Hallan captura de puerta de Boeing de un vuelo de Alaska Airlines en el patio de profesores

Bob Sauer fue a su patio trasero en los suburbios de Portland, Oregón, el domingo por la tarde, linterna en mano, para comprobar si había piezas del avión de Alaska Airlines que había perdido parte de su fuselaje en vuelo y que había aterrizado cerca.

Una vecina había instado al Sr. Sauer a revisar su propiedad en Cedar Hills, Oregon, diciendo que había oído que se había encontrado en el vecindario un teléfono celular que se había caído de un avión.

El señor Sauer vio rápidamente un objeto de metal blanco apoyado contra la rama de un cedro. «Mi corazón empezó a latir un poco más rápido», dijo en una entrevista el lunes, «y pensé que esto no era posible».

Pero era cierto: Sauer, profesor de física en la escuela Catlin Gabel, una escuela privada cercana, había encontrado en su patio la tapa central de la puerta, que había sido arrancada del avión en pleno vuelo el viernes.

Llamó a la Junta Nacional de Seguridad en el Transporte, que llegó a su casa el lunes por la mañana, lo interrogó durante unos 30 minutos y luego tomó la prueba crítica de su lugar de trabajo, dijo. La junta, dijo, le obsequió un medallón adornado con un águila para agradecerle por sus esfuerzos.

Los tapones de puerta se utilizan para llenar las salidas de emergencia que no son necesarias en aviones configurados con menos asientos que el máximo posible.

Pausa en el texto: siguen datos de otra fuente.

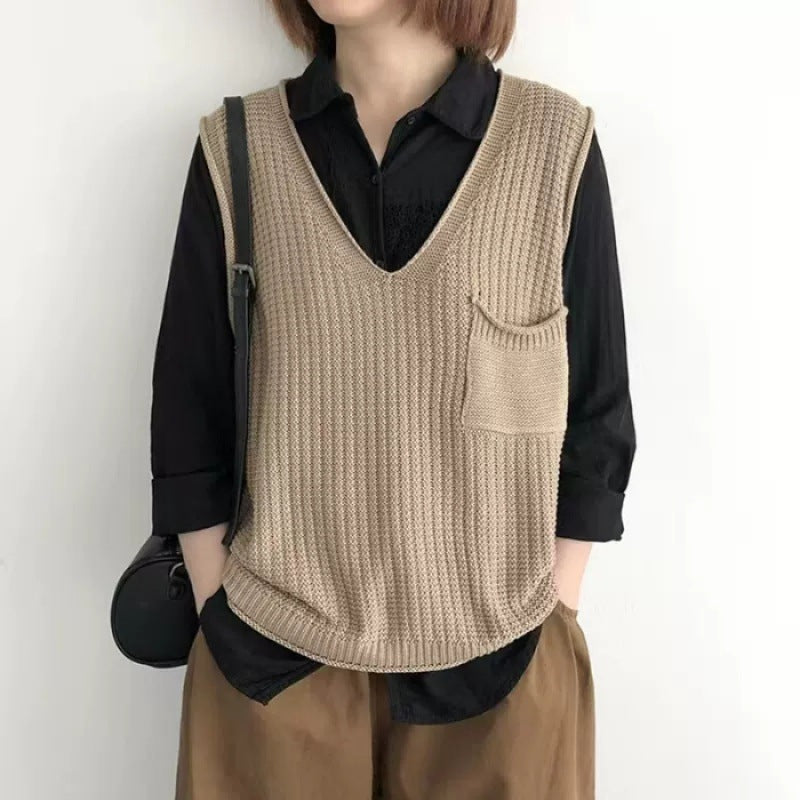 Damen Strickweste mit V-Ausschnitt und praktischer Brusttasche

El consejo dijo en una declaración el lunes que los investigadores estaban «examinando actualmente el tope de la puerta» y planeaban enviarlo a un laboratorio de la agencia en Washington, D.C., para un examen más detenido.

La junta compartió fotos en las redes sociales que mostraban la puerta atrapada en un matorral de ramas y luego inspeccionada en el campo por los oficiales.

Sauer, de 64 años, que ha enseñado ciencias durante 40 años, dijo que el descubrimiento fue lo primero que mencionó en su clase de astronomía el lunes por la mañana.

Dijo que los cedros de 50 pies de altura en su patio trasero actuaron según el mismo principio científico que una bolsa de aire, interrumpiendo la caída del tope de la puerta, en un acto conocido en física como impulso.

“El impulso es lo que se hace para cambiar el impulso de algo”, dijo Sauer. «Puedes hacerlo con una fuerza grande durante un período corto de tiempo, o con una fuerza menor durante un período más largo».

Una lección aún más relevante, dice, más allá de la simple física de las caídas, es que pueden suceder cosas asombrosas.

“La mayoría de las veces, no podían creer que lo que sucedió en mi patio trasero, a alguien que conocían”, dijo Sauer sobre sus estudiantes.

Los investigadores están tratando de determinar por qué el vuelo 1282 de Alaska Airlines se estrelló después de que el avión, que despegó de Portland, alcanzó una altitud de unos 16.000 pies con destino a Ontario, California.

Ninguno de los 171 pasajeros y seis miembros de la tripulación a bordo resultó gravemente herido, pero estuvieron expuestos a los fuertes vientos provenientes del agujero en el fuselaje cuando el avión regresó a Portland, donde aterrizó de manera segura.

El episodio provocó la inmovilización de 171 Boeing 737 Max 9 en Estados Unidos y nuevas preocupaciones de seguridad con respecto al avión, que tiene una historia accidentada.

En 2018, un Boeing 737 Max 8, que operaba como vuelo 610 de Lion Air, se estrelló frente a la costa de Indonesia, matando a las 189 personas a bordo. Menos de cinco meses después, en 2019, otro avión Max 8, que operaba como el vuelo 302 de etíope Airlines, se estrelló poco después de despegar de la capital etíope, Addis Abeba, matando a las 157 personas a bordo.

Los reguladores de todo el mundo dejaron en tierra el Max después del segundo accidente. La Administración Federal de Aviación lo autorizó a volar nuevamente a fines de 2020 después de que Boeing hiciera cambios en el avión, incluido un nuevo sistema automatizado que influyó en ambos accidentes. Boeing anunció a finales de 2019 que había despedido a su director ejecutivo y acordó un acuerdo de 2.500 millones de dólares con el Departamento de Justicia en 2021.